Most enterprises have zero post-quantum cryptography strategy. They’re flying blind into the biggest security disruption since the internet went mainstream.
Think I’m being dramatic? Ask yourself this. What happens to your business when customers can’t trust your software signatures? When malware gets distributed with valid-looking certificates because the underlying crypto got cracked?
This isn’t some distant sci-fi scenario. IBM’s quantum roadmap puts us at 4,000+ qubit systems by 2025. Google’s Willow chip just demonstrated error correction breakthroughs that bring cryptographically relevant quantum computers years closer than expected.
Large technology corporations are already in a rush. Apple began upgrading post-quantum cryptography to its iMessage system. Quantum-resistant protocols were introduced by Signal.
Most businesses, however, are content to use the same RSA keys they implemented five years ago. The companies that get ready will outlast. This post will provide you with a 90-day roadmap for quantum-proofing your code signing by the end of it.
Quiet Problem We Don’t Talk About
Most people assume cryptography protects from cyber attacks. It’s one of those invisible parts of the world that seems permanent, like concrete or electricity. You don’t wonder if it works. You just build on top of it.
Also Read: What is a Software Bill of Material? SBOM and Supply Chain Security
But cryptography isn’t concrete. It’s brittle. The strength of every algorithm we use today rests on assumptions about what’s hard to compute. And assumptions have a bad habit of expiring. When quantum computers finally cross the threshold, the cryptography we trust won’t erode. It will collapse.
We’ve lived for decades in a world where the math was comfortably on our side. RSA and ECC felt eternal because no one could imagine factoring a 2048-bit key or solving discrete logs at scale. But the history of computing is mostly the history of “impossible” problems suddenly becoming easy.
Why Code Signing Matters More Than You Think?
Most people never think about code signing. That’s the point, it’s invisible. But invisibility doesn’t mean unimportant.
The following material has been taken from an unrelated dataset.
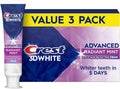 Crest 3D White Advanced Teeth Whitening Toothpaste, Crest 3D White Brilliance Toothpaste, Radiant Mint, 3.3 oz, Pack of 3 (Packaging May Vary)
Code signing is how machines decide who to trust.
Every time your laptop installs an update or your phone pulls down a new app, it’s asking a simple question. Did this really come from who it claims to? The answer comes not from you, but from a digital signature.
Without that signature, software updates would be indistinguishable from poison. Malware could dress itself up as Chrome or Zoom, or Windows, and your computer would have no way of knowing the difference. Trust would collapse, not because the software got worse, but because the rules for proving authenticity disappeared.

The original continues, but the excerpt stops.